SA in contact with Tunisian authorities

Dirco is trying to confirm if any South Africans were killed or wounded in the attack.

Tunisian security forces secure the area after gunmen attacked the famed Bardo Museum on 18 March, 2015. Picture: AF

PRETORIA - The Department of International Relations and Cooperation (Dirco) says it's in touch with officials in Tunisia who are trying to confirm if any South Africans were wounded or killed in a terror attack.

At least 19 people, including two assailants, were killed when gunmen stormed the Bardo museum in the capital of Tunis yesterday, taking a group of hostages made up mostly of tourists.

Dirco's Nelson Kgwete says they're waiting for a report from Tunis.

"We're still waiting for a report from our embassy in Tunisia who are in contact with Tunisian authorities. We will be able to indicate officially what the status is once we receive that report."

Earlier Tunisia's interior ministry said a South African was among tourists killed in yesterday's terror attack in the capital.

Tunisian authorities also said South Africans are among those wounded by AK-47 wielding militants.

Kgwete says the government still cannot give any confirmation of the reports as yet.

"We have noted speculations that a South African citizen also lost his life in the attack. But we cannot confirm that at this point."

Nineteen people are reported dead, including the two gunmen who stormed the famed museum,

Tunisian authorities haven't named the South African victims of yesterday's attack.

Authorities say two more militants might have fled as police didn't initially know how many gunmen they were dealing with.

Some of the tourists were shot down as they emerged from their buses, others fled into the museum.

Five Japanese as well as visitors from Italy, Poland and Spain were among the dead in the noon assault.

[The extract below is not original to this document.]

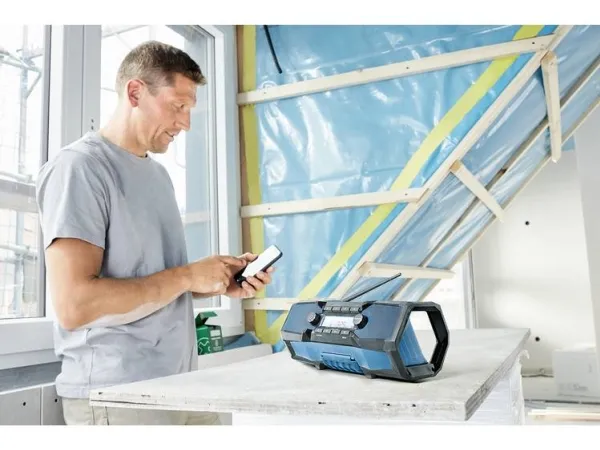 Bosch GPB 18V-2 C Professional cordless construction site radio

The museum is known for its collection of ancient Tunisian artifacts and mosaics and other treasures from classical Rome and Greece.

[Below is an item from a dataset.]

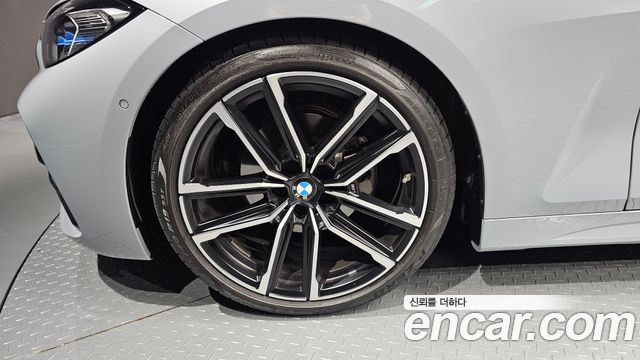 BMW 4-Series G22 420i M Sport Convertible - фото 4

Bardo's white-walled halls set in the Parliament compound are one of the most popular tourist attractions in the Tunisian capital.

Many tourists come for day trips to Tunis from nearby Mediterranean beach resorts.

Shocked but defiant, hundreds of Tunisians later gathered in the streets of downtown Tunis waving the country's red and white crescent flag, and chanting against terrorism.

"I pass this message to Tunisians, that democracy will win and it will survive," President Beji Caid Essebsi said in a television statement. "We will find more ways and equipment for the army to wipe out these barbarous groups for good."